Quiviscumque (#2) is absolutely right about Google Translate. I wouldn't touch it with a bargepole, and my students are forbidden to use it at all.

Now _Suecus_ is fine for a substantive (i.e. noun or adjective) for "a Swede"/"Swedish [person]" (provided that he is male), but the language would be _lingua Suecana_.

Σ


----------



## elbarto449

Scholiast said:


> Now _Suecus_ is fine for a substantive (i.e. noun or adjective) for "a Swede"/"Swedish [person]" (provided that he is male), but the language would be _lingua Suecana_.



I'm confused. I thought _substantive _referred strictly to a word functioning as a noun. I'm looking for an adjective with which to modify _tabula _(taking the place of _rasa_ in _tabula rasa). _

After doing some research I found this online lexicon: http://eweb.furman.edu/~dmorgan/lexicon/adumbratio.htm.

On that website it says:

*Swede* *subst. * Suecus, i m., Suetus, i m. (Eg. S.L. 22)
*Sweden*  Suecia, ae f., Suetia, ae f. (Eg. D.L. 18)  < _Suecus_, _Suecia_ is the ordinary spelling; _Suetus_, _Suetia_ are rare (see WC titles).
*Swedish* *adj. * Suecicus, a, um, Sueticus, a, um (Eg. S.L. 27 )


----------



## Quiviscumque

I agree, _suecicus _is perhaps better for the adjective.


----------



## elbarto449

Actually, I think it should be _suecica _in this case. Thanks for your help!


----------



## fdb

elbarto449 said:


> *Swede* *subst. * Suecus, i m., Suetus, i m. (Eg. S.L. 22)
> *Sweden*  Suecia, ae f., Suetia, ae f. (Eg. D.L. 18)  < _Suecus_, _Suecia_ is the ordinary spelling; _Suetus_, _Suetia_ are rare (see WC titles).
> *Swedish* *adj. * Suecicus, a, um, Sueticus, a, um (Eg. S.L. 27 )

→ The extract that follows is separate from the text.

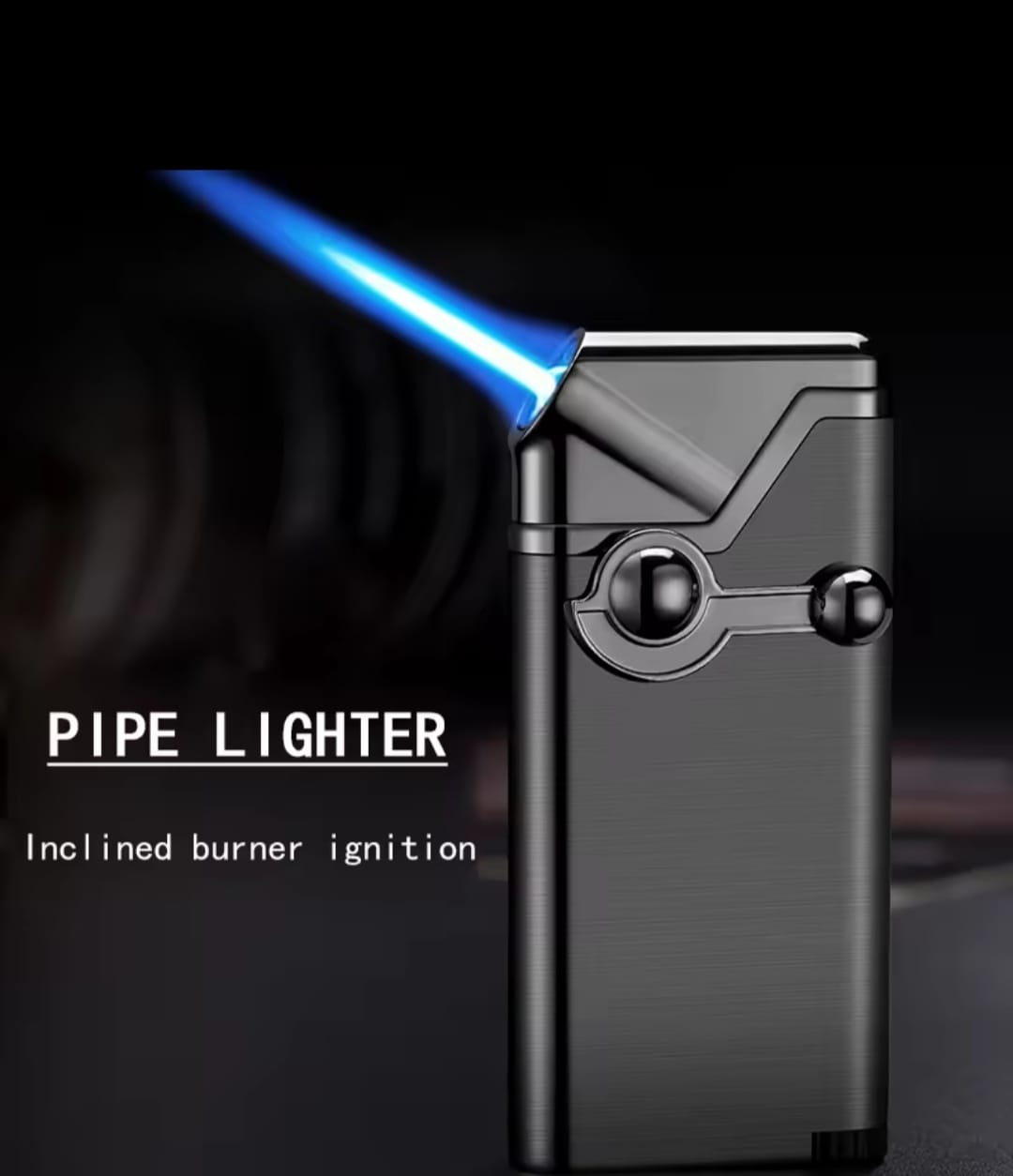 Creative Rocker Blue Flame Jet Torch Butane Gas Lighter Oblique Fire Pipe Special Smoking Accessories Gadgets For Men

Where are the abbreviations (S.L., D.L.) explained?


----------



## Scholiast

Greetings all

My proposal (#3) of _Suecanus_ (-_a_, -_um_) as an adjectival formulation was based only on the strapline or subtitle of the distinguished Swedish classical journal _Eranos_. _Acta philologica *Suecana*_.

Are we to assume that our classical colleagues in Sweden have got it wrong?

Σ


----------



## fdb

Scholiast said:


> Greetings all
> 
> My proposal (#3) of _Suecanus_ (-_a_, -_um_) as an adjectival formulation was based only on the strapline or subtitle of the distinguished Swedish classical journal _Eranos_. _Acta philologica *Suecana*_.
> 
> Are we to assume that our classical colleagues in Sweden have got it wrong?
> 
> Σ



A very strong argument.


----------



## fdb

By the way, I found this in our University Library catalogue: De vegetabilibus Suecanis observationes et experimenta / quorum sectionis prioris partem primam, ... proponunt Adamus Afzelius et Andr. Magn. Wadsberg, Upsaliae : Typis Joh. Edman, 1785.


----------



## Quiviscumque

Scholiast said:


> My proposal (#3) of _Suecanus_ (-_a_, -_um_) as an adjectival formulation was based only on the strapline or subtitle of the distinguished Swedish classical journal _Eranos_. _Acta philologica *Suecana*_.
> 
> Are we to assume that our classical colleagues in Sweden have got it wrong?



I must change my mind again


----------